Date lodged: 13 December 2016
To ask the Scottish Government what steps it is taking to strengthen the Scottish National Action Plan on Human Rights and how it ensures that international human rights treaties are enforced in Scotland.
Answered by: Angela Constance 9 January 2017
Scotland’s National Action Plan for Human Rights (SNAP) is a co-produced initiative which pursues the shared vision of a Scotland where everyone is able to live with human dignity. SNAP was launched jointly in 2013 by the Chair of the Scottish Human Rights Commission (SHRC), the then Deputy First Minister and the Council of Europe Commissioner for Human Rights.
The Scottish Government contributes to the work of SNAP in a variety of ways and values the potential which it offers for enhanced collaboration between SNAP partners, including the SHRC, public sector institutions, the private sector, the third sector, and contributors from across the whole of Scottish civil society. The Scottish Government commented on proposals for the future of SNAP which were prepared by the SHRC and presented to a meeting of SNAP partners held on 31 October 2016. The Scottish Government has also offered to assist the SHRC in taking an Improvement approach to SNAP, with a view to supporting practical delivery and enabling progress to be measured.

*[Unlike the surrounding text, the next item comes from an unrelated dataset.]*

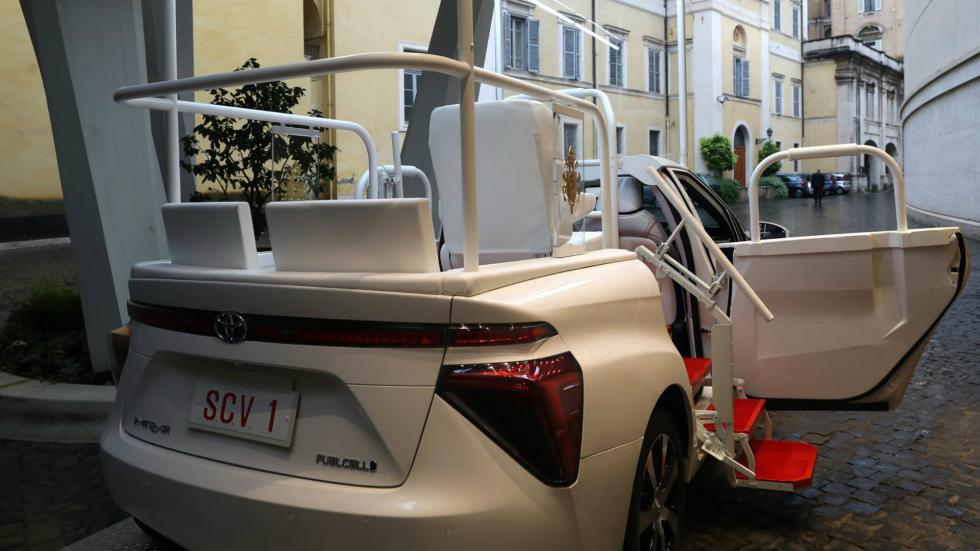 Toyota Mirai το νέο αυτοκίνητο του Πάπα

The Scottish Government is directly accountable to the Scottish Parliament for the action it takes to give effect to human rights obligations in Scotland. It also participates actively in international human rights monitoring mechanisms run by both the United Nations and the Council of Europe.
Examinations under the UN Convention on the Rights of the Child (CRC), the International Covenant on Economic, Social and Cultural Rights (ICESCR) and the UN Convention for the Elimination of All Forms of Racial Discrimination (CERD) were held during 2016. Scotland’s record will be further examined at the United Nations in 2017 under the Universal Periodic Review. An examination under the UN Convention on the Rights of Persons with Disabilities (UNCRPD) is expected later in the year. State party reports under the UN Convention on the Elimination of All Forms of Discrimination against Women (CEDAW) and the UN Convention Against Torture and Other Cruel, Inhuman or Degrading Treatment or Punishment (UNCAT) will also be submitted in 2017.
Recent Scottish Government-led activity designed to achieve the further and better implementation of human rights in Scotland has included: a Disability Delivery Plan linked to the UNCRPD; a Race Equality Framework which reflects CERD obligations; implementation of Equally Safe, Scotland’s strategy to prevent and eradicate violence against women and girls, in keeping with both CEDAW and the Istanbul Convention; use of Children’s Rights and Wellbeing Impact Assessment to support implementation of the UN Convention on the Rights of the Child (UNCRC); a Fairer Scotland Action Plan which addresses a wide range of economic and social rights; action to embed dignity and respect at the heart of social security provision in Scotland; and the robust defence of civil and political rights in the face of UK Government threats to the Human Rights Act. The Scottish Government is also committed to the UN Sustainable Development Goals (SDGs) and is working to integrate both human rights and the SDGs into Scotland’s National Performance Framework.